Il y a aussi le balourd = Dépourvu de finesse, de tact. Souvent utilisé pour les gaffes.
Presque toujours utilisé au masculin (ce qui ne veut pas dire qu'aucune femme ne mérite le qualificatif).
Le sujet est légèrement différent, mais je tenais à attirer ton attention à cause de la proximité avec "lourd".
_


----------



## Aoyama

> *Obtus* - n'est pas forcément bête, mais ne veut jamais changer d'avis, ou admettre qu'il a tort, quelles que soient les preuves du contraire.


C'est une définition, qui se rapprocherait en fait de "borné" (déjà cité).
Mais "obtus", qui tire son sens de la géométrie (angle _obtus _plus ouvert que l'angle droit, donc moins perçant, moins "aigu") c'est d'abord un esprit qui n'est pas "pénétrant", qui manque de finesse.


----------



## KaRiNe_Fr

Salut Nasti,



nasti said:


> Bonsoir
> 
> Le contraire du _brillant _et _vif d'esprit_.
> 
> En parlant d'un homme, d'une femme peu intelligents, bornés, qui réfléchissent lentement et avec difficulté et ne captent pas tout ...,  [...]


Correspondant à ta définition, je dis familièrement « t'es long(ue) à la comprenette ! »


----------



## tilt

Aoyama said:


> C'est une définition, qui se rapprocherait en fait de "borné" (déjà cité).
> Mais "obtus", qui tire son sens de la géométrie (angle _obtus _plus ouvert que l'angle droit, donc moins perçant, moins "aigu") c'est d'abord un esprit qui n'est pas "pénétrant", qui manque de finesse.


Exactement.
Et _vif_, cité par Nasti comme antonyme d'_obus_, est justement un synonyme possible de _aigu _quand on parle d'angles.



KaRiNe_Fr said:


> Correspondant à ta définition, je dis familièrement « t'es long(ue) à la comprenette ! »



Je le dis aussi, quand je veux rester poli et pas trop blessant.
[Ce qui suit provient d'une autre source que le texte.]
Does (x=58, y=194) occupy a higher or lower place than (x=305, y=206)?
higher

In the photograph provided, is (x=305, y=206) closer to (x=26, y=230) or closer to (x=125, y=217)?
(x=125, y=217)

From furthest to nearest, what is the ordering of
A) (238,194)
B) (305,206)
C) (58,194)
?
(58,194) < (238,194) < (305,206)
Dans le même registre : _long à la détente_ (terme issu des armes à feu).
Sinon, d'autres termes moins fleuris peuvent sortir.
Et on y retrouve le fameux _con _évoqué dans d'autres fils de Nasti, car c'est un mot qui recouvre un sens assez large.
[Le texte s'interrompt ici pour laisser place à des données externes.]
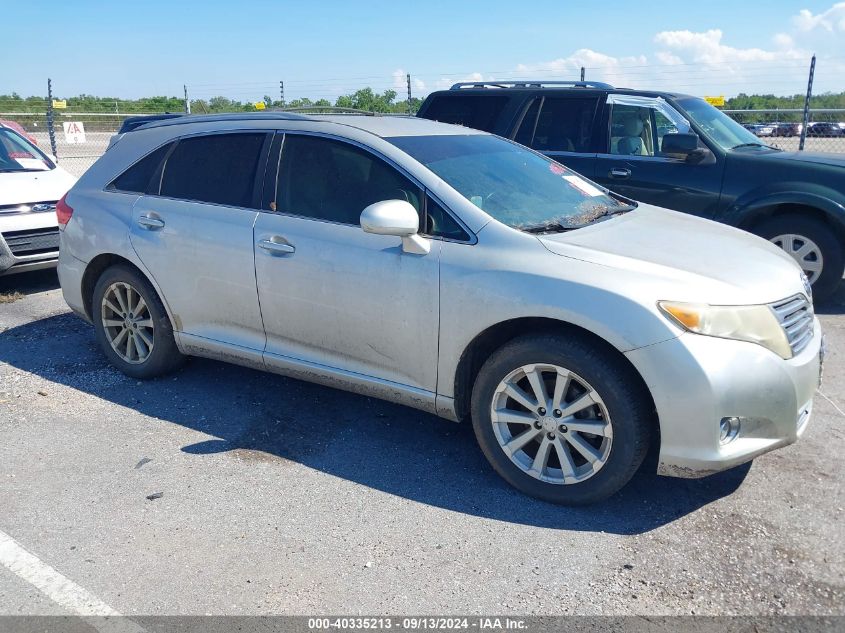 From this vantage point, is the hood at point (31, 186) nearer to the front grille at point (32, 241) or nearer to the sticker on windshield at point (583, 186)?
the front grille at point (32, 241)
Comme disait Coluche : "On ne doit pas dire _un aveugle _mais _un malvoyant_, _un sourd _mais _un malentendant_, _un con _mais _un malcomprenant_".


----------



## jprr

tilt said:


> ...
> Dans le même registre : _long à la détente_ (terme issu des armes à feu).
> ...


Bonjour,
Comme tout évolue, être long à la détente devient _avoir du mal à percuter_ ...
Enfin, tous ces gens là _n'ont pas inventé la poudre_


----------



## rolmich

Bonjour à tous,

J'utilise en alternance avec "lourd" le mot "pesant" :
_J'ai passé une journée avec lui.....qu'est-ce qu'il est pesant !
Ce qui évoque non seulement le défaut de la personne, mais aussi la manière dont nous ressentons ce défaut.
Mon Petit Larousse n'est pas d'accord avec moi, et dans le sens figuré, ne prévoit pas l'usage de cet adjectif pour les personnes.
Qu'en pensez-vous ?
_


----------



## Aoyama

_Obtus_ peut avoir le sens de "lourd" et donc de "pesant" pourquoi pas


> _ce qui_ _évoque non seulement le défaut de la personne, mais aussi la manière dont nous ressentons ce défaut_


mais probablement _obtus é_voque plutôt l'idée de quelqu'un de "fermé" (voir #2), ce qui d'ailleurs est paradoxal avec le sens premier (géométrique comme on l'a vu) d'obtus, dont "l'ouverture" est synonyme d'une faculté moindre de perception (et ... de percement).


----------



## Nicomon

KaRiNe_Fr said:


> Correspondant à ta définition, je dis familièrement « t'es long(ue) à la comprenette ! »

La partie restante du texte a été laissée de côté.